## WHAT IS REQUIRED:
Please retype the records below exactly as they appear, leaving out every picture.

Captioned web image data
BEGIN

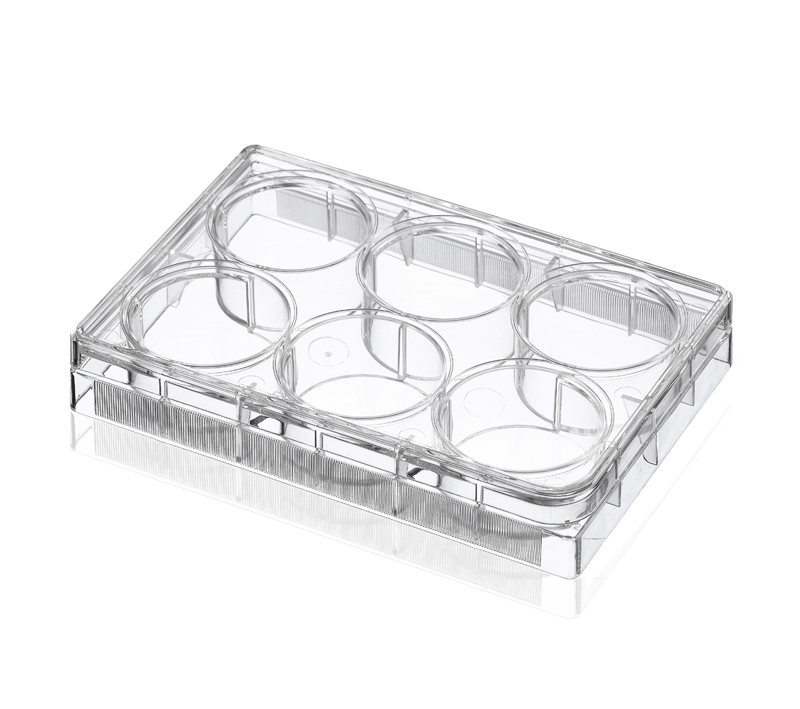 Uniform, treated surfaces ensure consistent cell culture growth results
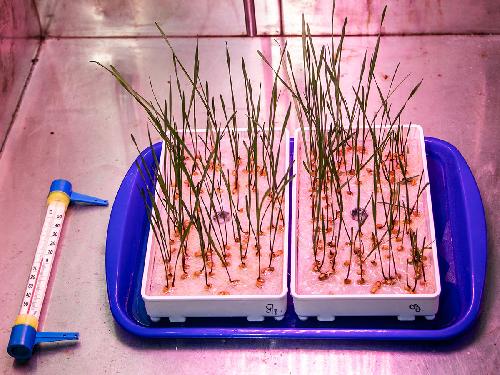 Ученые из Лаборатории зимостойкости повысили устойчивость пшеницы к холоду, обработав ее семена наночастицами на основе золота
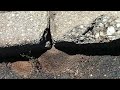 Pavement Ant Hills Pop Up Through Pavement in Pennington, NJ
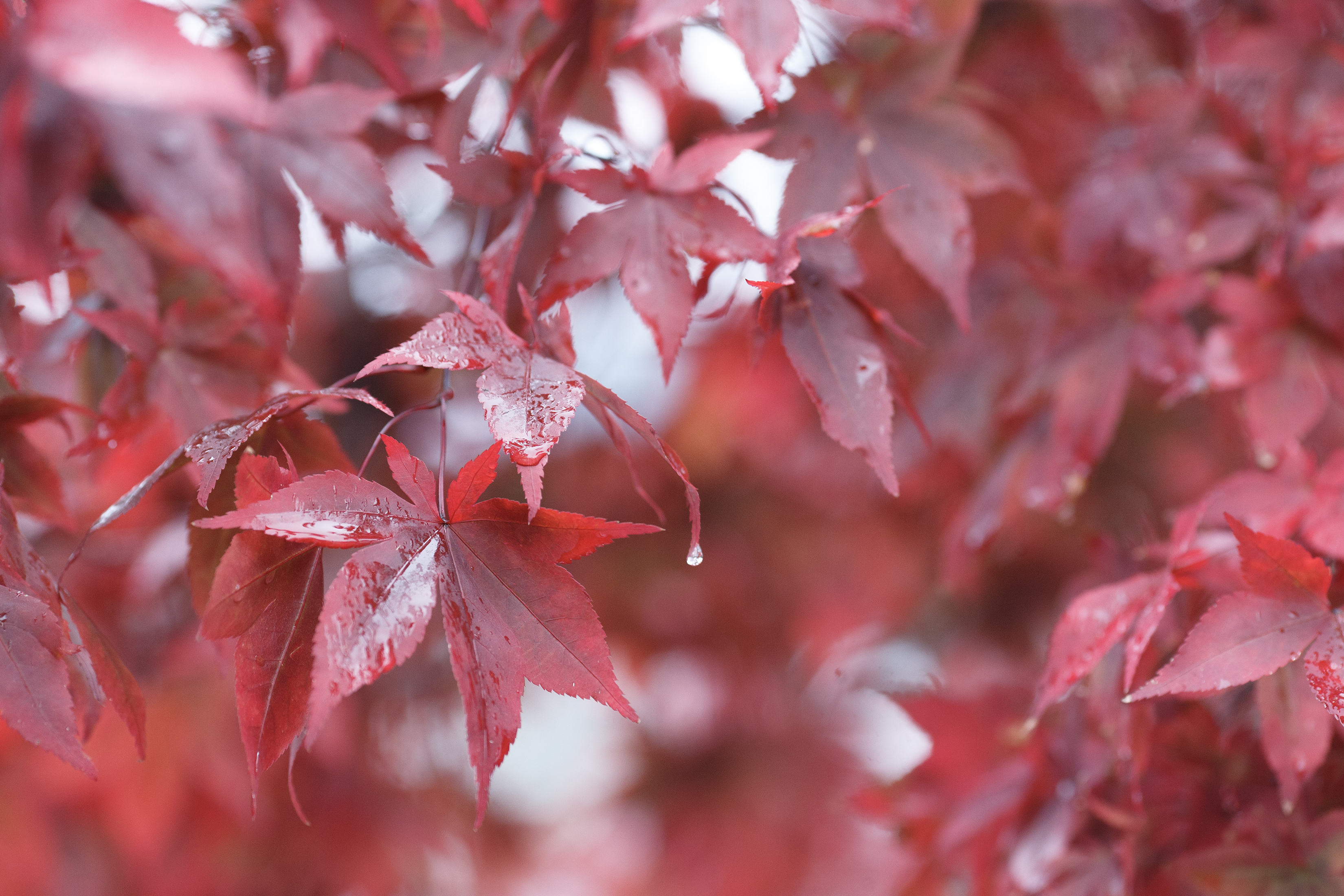 2024 10 22 Fall Leaves 2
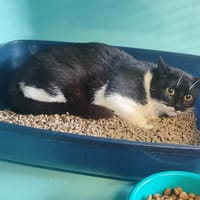 LYLA, chatte à adopter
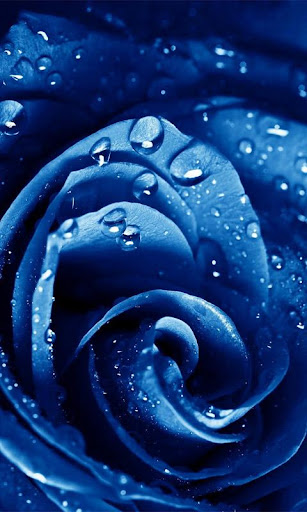 【免費漫畫App】Macro Rose Live Wallpaper-APP點子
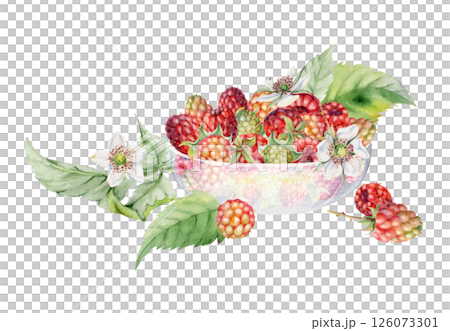 Raspberry berries leaves flowers served in glass bowl, ripe picked garden dewberry cloudberry mulberry boysenberry harvest. Isolated illustration hand drawn in watercolor. Farmers market preserves 126073301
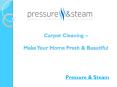 Carpet Cleaning – Make Your Home Fresh & Beautiful PowerPoint PPT Presentation
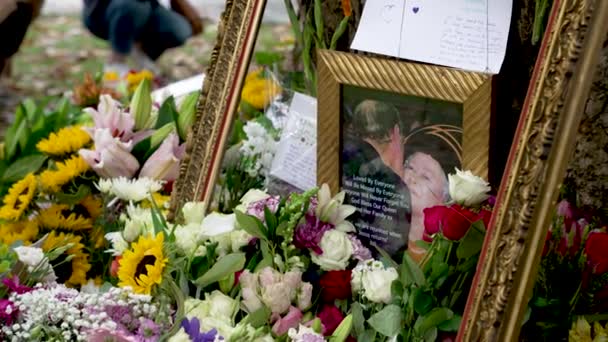 Photo Prince Phillip Kissing Queen Elizabeth Frame Surrounded Flowers Green — стокове відео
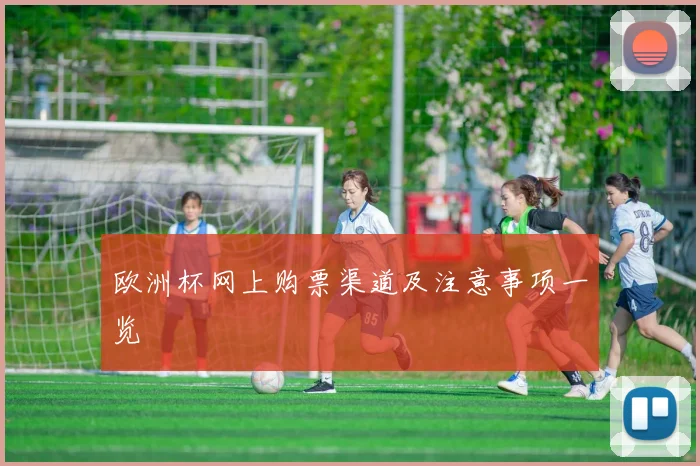 欧洲杯网上购票渠道及注意事项一览
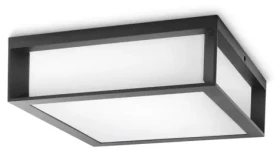 Philips Skies 2xE27 42W antracitové / Vonkajšie prisadené svietidlo / bez zdroja / IP44 (SKL000392631)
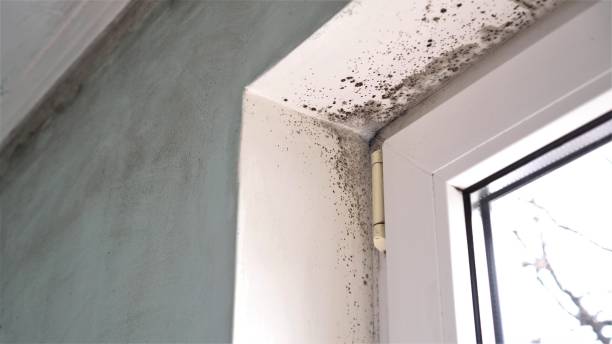 Best Health and Safety Mold Remediation in North Yelm, WA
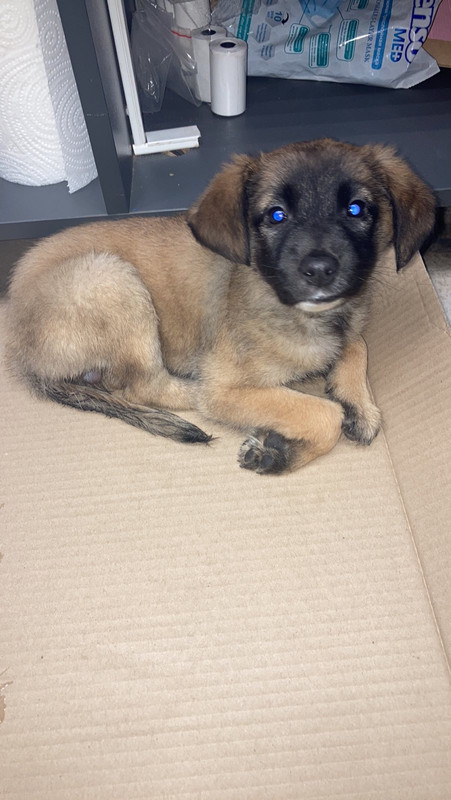 753F1559-2002-418E-B916-045AAB2369ED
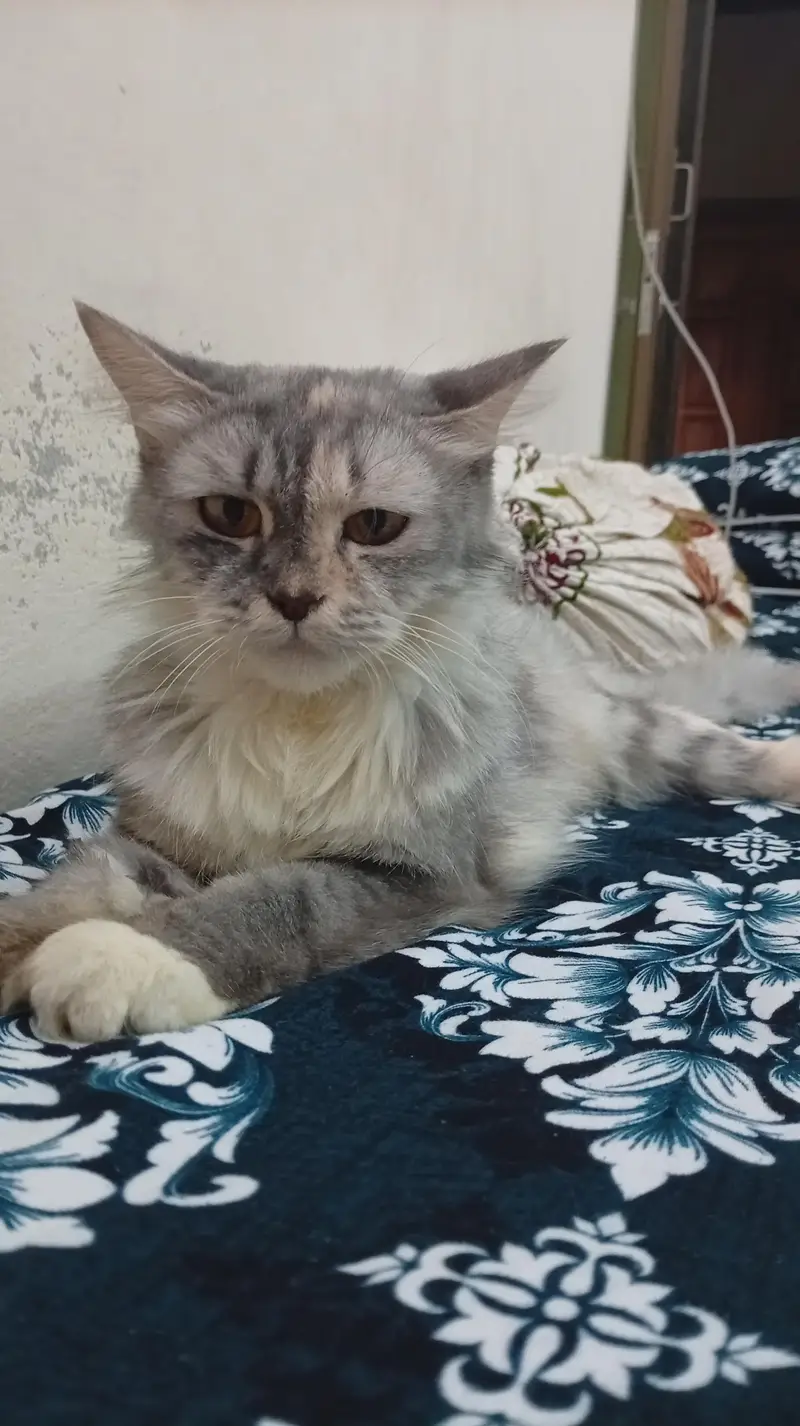 GREY PERSIAN FOR URGENT SALE — photo 5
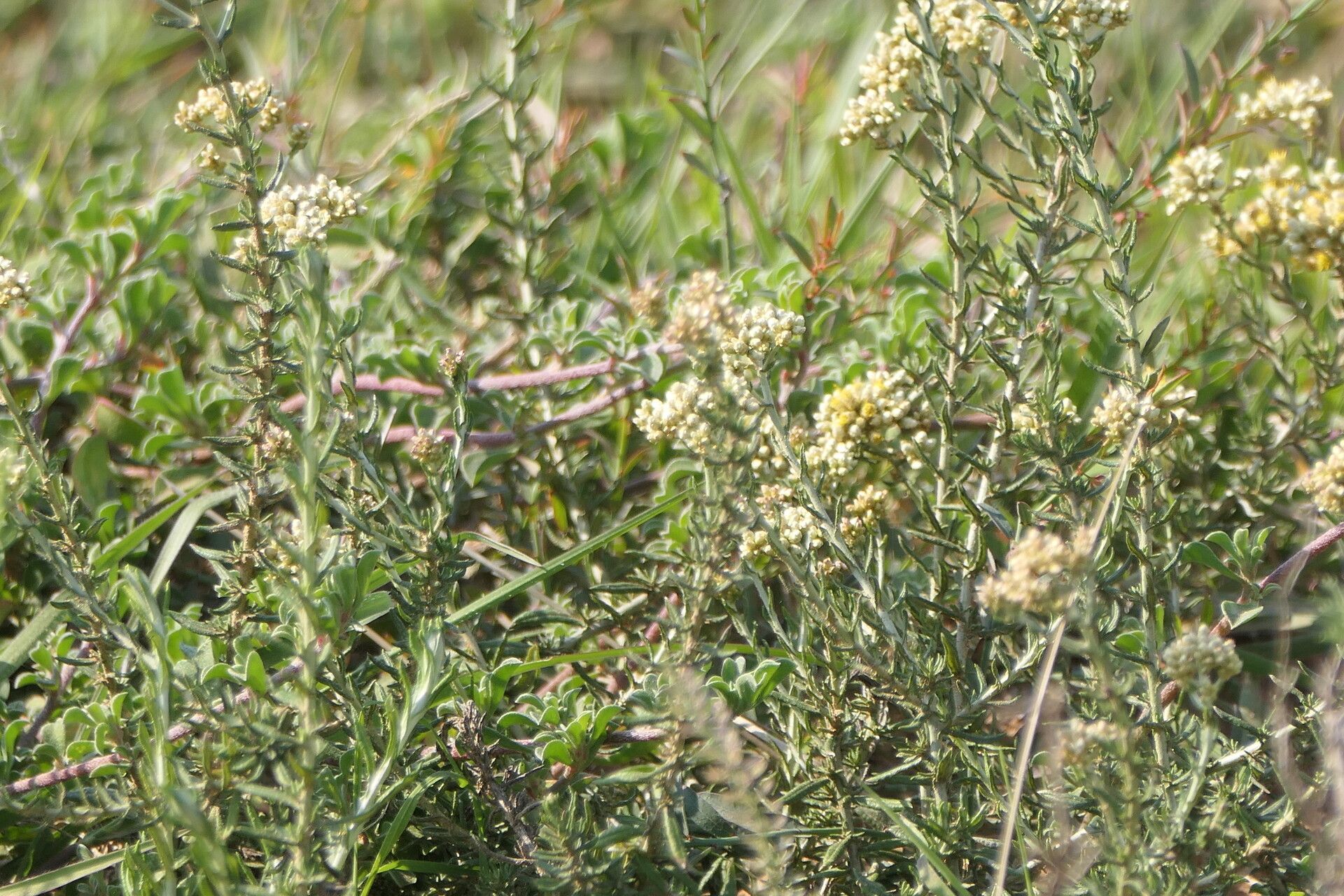 Helichrysum rosum bark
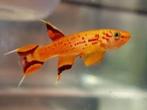 killivis Aphyosemion australe hjersseni per paar - Koidreams, Dieren en Toebehoren, Vissen | Aquariumvissen, Vis, Zoetwatervis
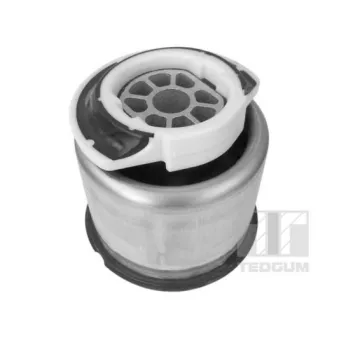 Suspension, corps de l'essieu TEDGUM 00146849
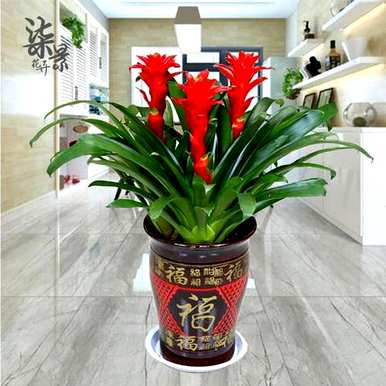 什么样的绿色植物适合客厅饲养，什么样的绿色植物适合客厅饲养
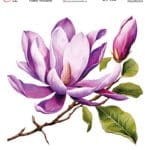 Ütü ile Rub On Transfer Kağıdı: Dekoratif Süsleme Kağıdı - KT168 | 20x20 cm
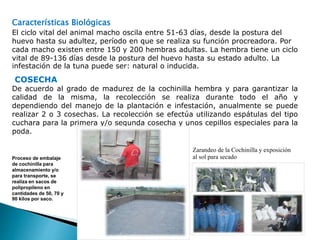 Características Biológicas 
El ciclo vital del animal macho oscila entre 51-63 días, desde la postura del 
huevo hasta su adultez, período en que se realiza su función procreadora. Por 
cada macho existen entre 150 y 200 hembras adultas. La hembra tiene un ciclo 
vital de 89-136 días desde la postura del huevo hasta su estado adulto. La 
infestación de la tuna puede ser: natural o inducida. 
COSECHA 
De acuerdo al grado de madurez de la cochinilla hembra y para garantizar la 
calidad de la misma, la recolección se realiza durante todo el año y 
dependiendo del manejo de la plantación e infestación, anualmente se puede 
realizar 2 o 3 cosechas. La recolección se efectúa utilizando espátulas del tipo 
cuchara para la primera y/o segunda cosecha y unos cepillos especiales para la 
poda. 
Zarandeo de la Cochinilla y exposición 
Proceso de embalaje al sol para secado 
de cochinilla para 
almacenamiento y/o 
para transporte, se 
realiza en sacos de 
polipropileno en 
cantidades de 50, 70 y 
90 kilos por saco. 
 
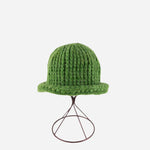 Green Ferruccio Vecchi Metallic Beanie with Rolled Trim - Big Bag NY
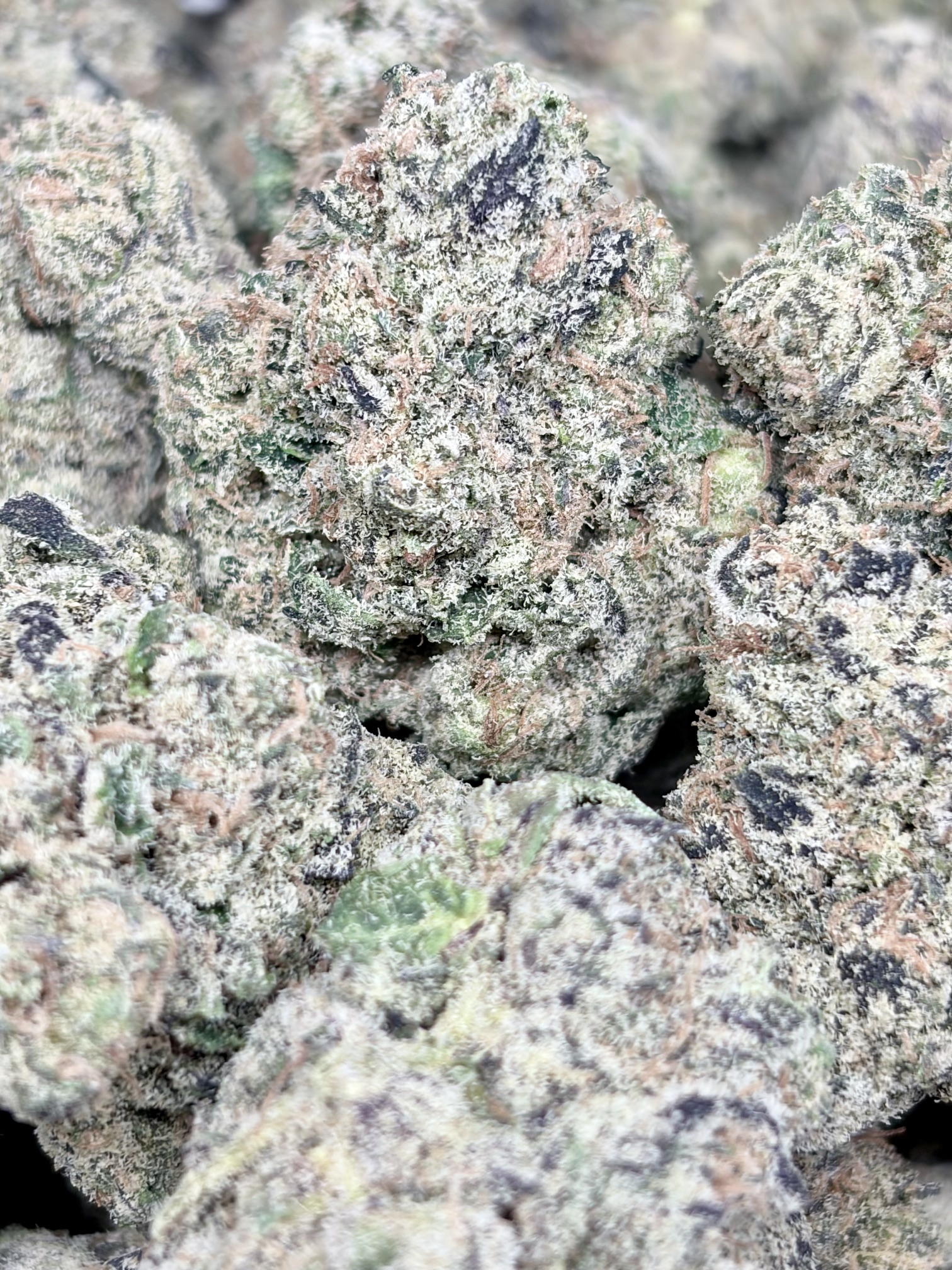 GRAPE GELATO. 2oz for $240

END

## TASK SOLUTION:
 Uniform, treated surfaces ensure consistent cell culture growth results
 Ученые из Лаборатории зимостойкости повысили устойчивость пшеницы к холоду, обработав ее семена наночастицами на основе золота
 Pavement Ant Hills Pop Up Through Pavement in Pennington, NJ
 2024 10 22 Fall Leaves 2
 LYLA, chatte à adopter
 【免費漫畫App】Macro Rose Live Wallpaper-APP點子
 Raspberry berries leaves flowers served in glass bowl, ripe picked garden dewberry cloudberry mulberry boysenberry harvest. Isolated illustration hand drawn in watercolor. Farmers market preserves 126073301
 Carpet Cleaning – Make Your Home Fresh & Beautiful PowerPoint PPT Presentation
 Photo Prince Phillip Kissing Queen Elizabeth Frame Surrounded Flowers Green — стокове відео
 欧洲杯网上购票渠道及注意事项一览
 Philips Skies 2xE27 42W antracitové / Vonkajšie prisadené svietidlo / bez zdroja / IP44 (SKL000392631)
 Best Health and Safety Mold Remediation in North Yelm, WA
 753F1559-2002-418E-B916-045AAB2369ED
 GREY PERSIAN FOR URGENT SALE — photo 5
 Helichrysum rosum bark
 killivis Aphyosemion australe hjersseni per paar - Koidreams, Dieren en Toebehoren, Vissen | Aquariumvissen, Vis, Zoetwatervis
 Suspension, corps de l'essieu TEDGUM 00146849
 什么样的绿色植物适合客厅饲养，什么样的绿色植物适合客厅饲养
 Ütü ile Rub On Transfer Kağıdı: Dekoratif Süsleme Kağıdı - KT168 | 20x20 cm
 Características Biológicas 
El ciclo vital del animal macho oscila entre 51-63 días, desde la postura del 
huevo hasta su adultez, período en que se realiza su función procreadora. Por 
cada macho existen entre 150 y 200 hembras adultas. La hembra tiene un ciclo 
vital de 89-136 días desde la postura del huevo hasta su estado adulto. La 
infestación de la tuna puede ser: natural o inducida. 
COSECHA 
De acuerdo al grado de madurez de la cochinilla hembra y para garantizar la 
calidad de la misma, la recolección se realiza durante todo el año y 
dependiendo del manejo de la plantación e infestación, anualmente se puede 
realizar 2 o 3 cosechas. La recolección se efectúa utilizando espátulas del tipo 
cuchara para la primera y/o segunda cosecha y unos cepillos especiales para la 
poda. 
Zarandeo de la Cochinilla y exposición 
Proceso de embalaje al sol para secado 
de cochinilla para 
almacenamiento y/o 
para transporte, se 
realiza en sacos de 
polipropileno en 
cantidades de 50, 70 y 
90 kilos por saco. 
 
 Green Ferruccio Vecchi Metallic Beanie with Rolled Trim - Big Bag NY
 GRAPE GELATO. 2oz for $240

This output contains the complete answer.